8. Se dunque vogliamo dare libero accesso alla chiamata di Cristo, dobbiamo respingere ogni sicurezza e presunzione. Per "sicurezza "intendo l'orgoglio generato da un assurdo convincimento di giustizia, quando l'uomo pensa aver qualcosa per cui meriti di piacere a Dio; per "presunzione "intendo una indifferenza della carne, non necessariamente legata alla fiducia nelle opere. Parecchi peccatori infatti, storditi dalla dolcezza del loro peccato, non pensano al giudizio di Dio, e così non aspirano affatto alla misericordia loro offerta.

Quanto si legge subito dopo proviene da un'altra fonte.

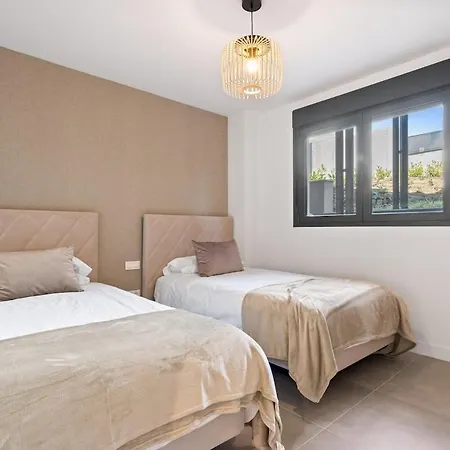 아파트 Oasis 325 With Private Garden & Wellnes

Bisogna combattere quell'indifferenza, non meno di quanto si debba abbattere ogni fiducia in noi stessi, se vogliamo essere liberi di correre a Cristo perché ci colmi dei suoi beni. Non avremo mai una fiducia totale in lui, se non diffidando interamente di noi stessi; non innalzeremo mai nel modo giusto il nostro cuore a lui, se prima non l'abbiamo abbattuto in noi; mai riceveremo una giusta consolazione da lui, se prima non siamo rattristati in noi stessi. Saremo dunque disposti a ricevere e ad ottenere la grazia di Dio quando, anziché provare fiducia in noi stessi, vedremo quale nostro unico appoggio la sua bontà; come dice sant'Agostino, avendo dimenticato i nostri meriti, riceveremo i doni di Cristo; se egli cercasse in noi qualche merito, non giungeremmo mai ai suoi doni. San Bernardo concorda con lui quando paragona gli orgogliosi, che attribuiscono un qualche valore al loro merito, a dei servitori sleali, in quanto trattengono per se la lode della grazia, che invece li ha soltanto attraversati. Come se una parete si vantasse di aver generato la luce che riceve da una finestra.
Per non soffermarci troppo a lungo su codesto punto, ricordiamo questa breve regola, destinata a tutti ed infallibile: colui che si è interamente annientato e staccato, non dico dalla sua giustizia che è nulla, ma da quell'ombra di giustizia che ci inganna, e rettamente preparato a ricevere i frutti della misericordia di Dio. Infatti quanto più ognuno confida in se, tanto più pone ostacolo alla grazia di Dio.